# What to do with lots of egg whites?



## yummy_food (Dec 22, 2013)

I have a lot of leftover egg whites, what can I do with it?


----------



## GotGarlic (Dec 22, 2013)

Make meringue cookies or a lemon meringue pie.


----------



## PrincessFiona60 (Dec 22, 2013)

Egg white omelets.


----------



## Andy M. (Dec 22, 2013)

macaroons


----------



## yummy_food (Dec 22, 2013)

Thank you all!
Anybody has a good recipe for lemon meringue pie?


----------



## Andy M. (Dec 22, 2013)

yummy_food said:


> Thank you all!
> Anybody has a good recipe for lemon meringue pie?




Not a great choice.  You need egg yolks for the filling as well as the whites for the meringue.  

I'm making a LM pie for Christmas.  If it works out the way I hope, I'll share it.


----------



## sparrowgrass (Dec 22, 2013)

I made lemon curd yesterday, with the Meyer lemons from my little tree.  I was going to do some meringue cookies, but I dripped some yolk into the whites, so I scrambled them for the dogs.


----------



## Harry Cobean (Dec 22, 2013)

sparrowgrass said:


> I made lemon curd yesterday, with the Meyer lemons from my little tree.  I was going to do some meringue cookies, but I dripped some yolk into the whites, so I scrambled them for the dogs.

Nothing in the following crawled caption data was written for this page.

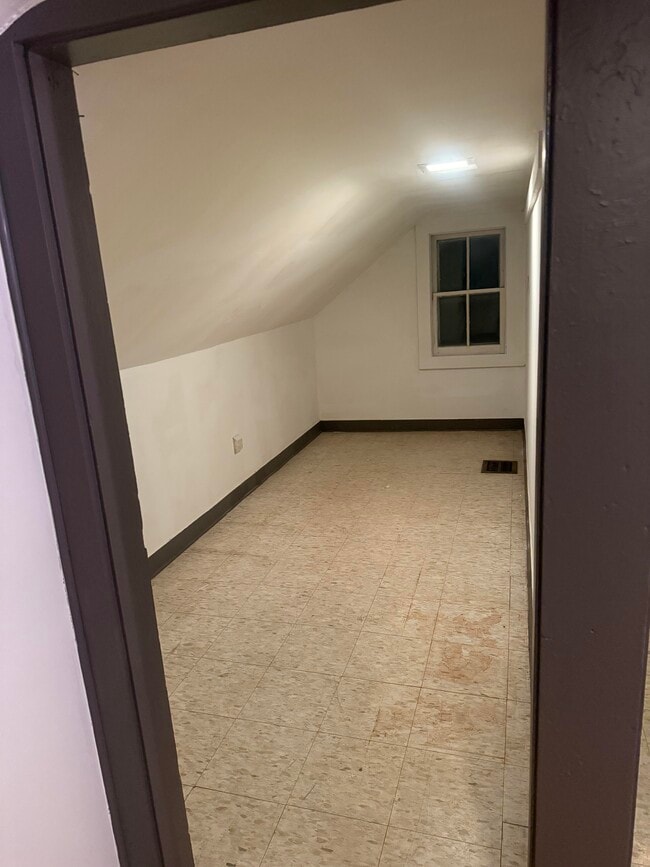 Building Photo - 1715 Co Rd 11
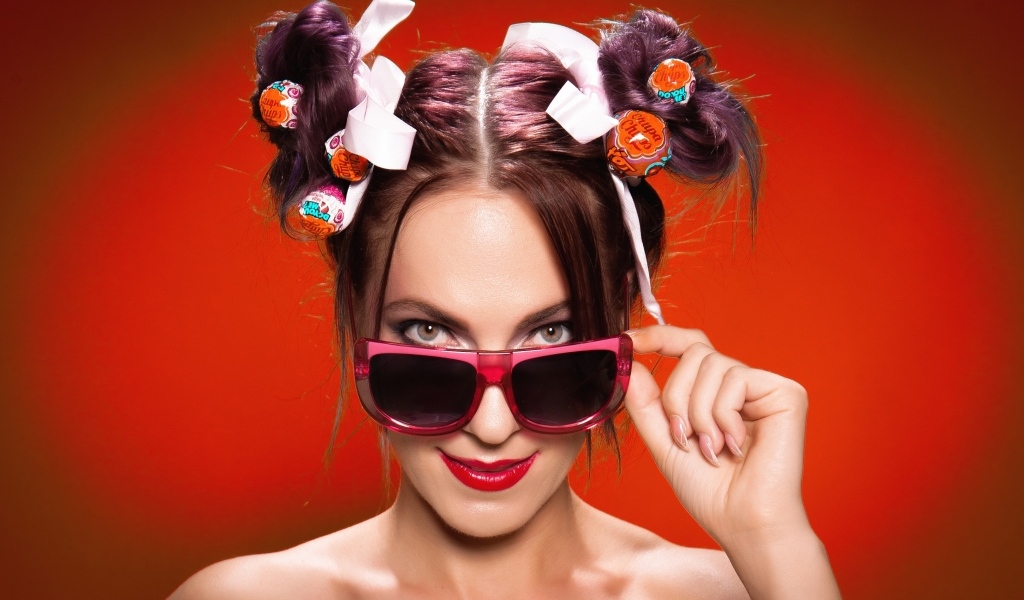 Чупа чупс в волосах у девушки в очках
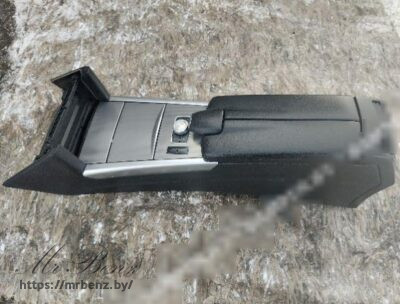 Подлокотник к Mercedes E W212, 2016 г.
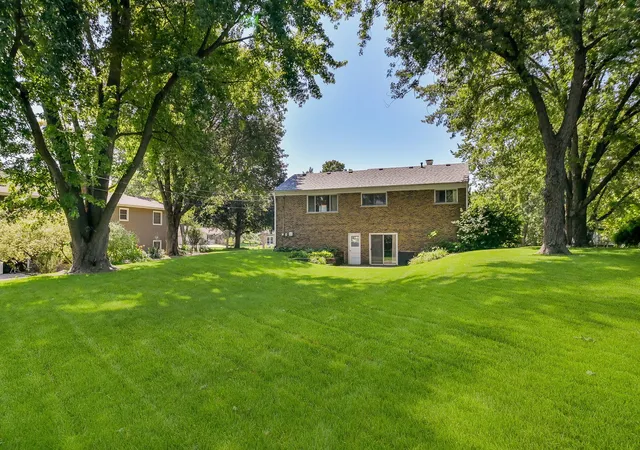 Homes for sale in Batavia, IL | 1251 Trillium Ct, Batavia, IL 60510 | MLS# 12694474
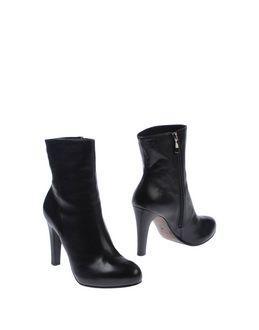 Ubi Major Ankle Boots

your own meyer tree?i'm jealous sparrow!!last christmas tesco were selling meyer lemons from the usa,california i think.not a great deal more expensive than regular lemons but big & juicy.ate them like an orange or clementine etc.deelish!
http://www.thegrocer.co.uk/fmcg/fresh/sweet-meyer-lemon-hits-tesco-produce-shelves/235511.article


----------



## Katie H (Dec 22, 2013)

No one has yet mentioned Forgotten Cookies, which are favorites in our house.  Instead of the standard chocolate chips, I usually use the mini ones.  These cookies are wonderful.  Plus, what better to have cookies being made while you're in bed asleep?!  I do several trays before I go to bed and have yummy cookies when I get up.


----------



## cave76 (Dec 22, 2013)

Angel food cake


----------



## Breathing Couch (Dec 22, 2013)

Forgotten Cookies = Meringues?


----------



## PrincessFiona60 (Dec 22, 2013)

Divinity!!!


----------